The judgments of conviction of the nine appellants must be reversed and a new trial ordered for the following reasons: (1) the proof of voice identification was inadequate to send the question to the jury, (2) the People failed to prove, prima facie, that appellants were engaged in a single conspiracy to commit the crime of book-making, (3) the People failed to prove, prima facie, that appellants, or any of them, committed the crime of book-making, and (4) there was no explanation given to the jury of the meaning of the jargon employed by the telephone conversants.
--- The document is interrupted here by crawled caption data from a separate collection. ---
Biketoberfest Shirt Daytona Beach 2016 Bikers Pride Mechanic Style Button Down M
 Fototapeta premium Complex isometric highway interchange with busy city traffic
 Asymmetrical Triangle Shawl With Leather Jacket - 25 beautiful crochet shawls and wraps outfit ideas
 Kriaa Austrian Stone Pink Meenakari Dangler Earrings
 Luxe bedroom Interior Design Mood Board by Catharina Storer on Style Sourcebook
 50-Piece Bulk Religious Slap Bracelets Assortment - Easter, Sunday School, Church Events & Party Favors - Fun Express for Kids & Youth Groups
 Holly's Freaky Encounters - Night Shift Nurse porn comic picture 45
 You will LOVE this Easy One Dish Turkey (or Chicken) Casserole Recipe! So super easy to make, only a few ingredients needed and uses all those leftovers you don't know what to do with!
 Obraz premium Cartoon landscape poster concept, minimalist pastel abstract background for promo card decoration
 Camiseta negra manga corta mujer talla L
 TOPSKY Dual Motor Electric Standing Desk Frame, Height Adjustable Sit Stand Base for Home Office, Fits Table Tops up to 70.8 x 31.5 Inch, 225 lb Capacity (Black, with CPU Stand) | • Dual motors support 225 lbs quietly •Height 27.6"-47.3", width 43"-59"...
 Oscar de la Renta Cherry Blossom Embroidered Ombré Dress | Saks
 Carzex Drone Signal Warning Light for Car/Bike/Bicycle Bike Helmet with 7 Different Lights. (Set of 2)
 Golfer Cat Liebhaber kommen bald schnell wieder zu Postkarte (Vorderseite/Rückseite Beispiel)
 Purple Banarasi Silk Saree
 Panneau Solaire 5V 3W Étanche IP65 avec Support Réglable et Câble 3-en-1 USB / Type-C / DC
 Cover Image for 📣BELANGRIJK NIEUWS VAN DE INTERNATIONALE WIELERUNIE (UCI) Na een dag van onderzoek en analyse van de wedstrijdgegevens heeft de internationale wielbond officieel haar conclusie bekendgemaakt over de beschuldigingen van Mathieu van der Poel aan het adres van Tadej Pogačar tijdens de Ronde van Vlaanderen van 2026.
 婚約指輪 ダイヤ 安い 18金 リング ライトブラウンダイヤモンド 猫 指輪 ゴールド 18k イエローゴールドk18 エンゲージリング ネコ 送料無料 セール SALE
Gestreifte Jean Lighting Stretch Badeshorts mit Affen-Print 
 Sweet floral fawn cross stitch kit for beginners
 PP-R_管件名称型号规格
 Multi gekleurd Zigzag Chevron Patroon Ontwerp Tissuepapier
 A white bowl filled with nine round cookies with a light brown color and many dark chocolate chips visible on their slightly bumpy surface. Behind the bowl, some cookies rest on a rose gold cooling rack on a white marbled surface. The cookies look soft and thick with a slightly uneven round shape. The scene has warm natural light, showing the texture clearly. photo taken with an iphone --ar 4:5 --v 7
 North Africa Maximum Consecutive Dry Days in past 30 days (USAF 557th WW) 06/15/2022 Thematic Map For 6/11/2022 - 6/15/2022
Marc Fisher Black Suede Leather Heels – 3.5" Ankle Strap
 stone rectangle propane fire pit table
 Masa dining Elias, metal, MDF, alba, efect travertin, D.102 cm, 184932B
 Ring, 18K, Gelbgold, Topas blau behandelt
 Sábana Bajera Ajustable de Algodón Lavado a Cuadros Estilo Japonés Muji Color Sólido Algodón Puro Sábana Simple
As to (1): The People’s case against the appellants rests upon the testimony of a special investigator for the District Attorney who, pursuant to the authority of two Supreme Court orders, listened in on over one hundred telephone conversations during some two weeks’ time for six hours each day and then identified the nine appellants and at least ten others, three months later, as possessing voices he had previously heard in such telephonic wire tapping. At the time he heard the voices he did not know the persons to whom any of the voices belonged except appellants Promen and Becker. While the investigator was listening in on the unfamiliar voices, he was busily making pencilled notes and attempting to record the substance of the conversations on the telephones.
*650There is, in this record, no individual identification of the voices of the telephone conversants but, rather, a collective or general description. Accordingly, on the state of this record we hold, as a matter of law, that the investigator’s identification of voices he heard on the telephones as belonging to appellants falls below the standard necessary to rebut the presumption of innocence and to prove the guilt of the appellants beyond a reasonable doubt.
As to (2): The indictment charges that appellants entered into a single conspiracy to commit the crime of book-making. However, the evidence against appellants does not spell out the details of any specific or unified effort but rather a series of disconnected transactions from which, at the most, inference of several conspiracies may be drawn.
As to (3): The People failed to prove the corpus delicti of the crime of book-making which is the acceptance of bets on a professional basis “ * * * upon the result of any trial or contest of skill, speed or power of endurance of man or beast * * (Penal Law, § 986.) There is no proof in this record that on the days set forth in the indictment (a) any horse races were run, (b) the names mentioned in the conversations were the names of horses, (c) any such horses were entered or ran in races on such dates, (d) any baseball games were played on the dates designated, or (e) any boxing matches were staged on such dates or that the names heard in the conversations were the names of participants who engaged in such boxing matches.
As to (4): The tapped conversations were carried on in a jargon, which the People claim is the jargon of book-makers. At no time did the People qualify an expert to explain to the court and jury the meaning of the expressions used. In the course of the trial the Presiding Justice himself remarked that the jargon ‘1 is unfamiliar to me, although the words are our English language ”. Despite this, the jury was given no explanation of the meaning of the expressions in question but was permitted to speculate as to their meaning.
The judgments should be reversed, the fines remitted and a new trial ordered.
Conway, Ch. J., Desmond, Ftjld, Froessel, Van Voorhis and Burke, JJ., concur; Dye, J., taking no part.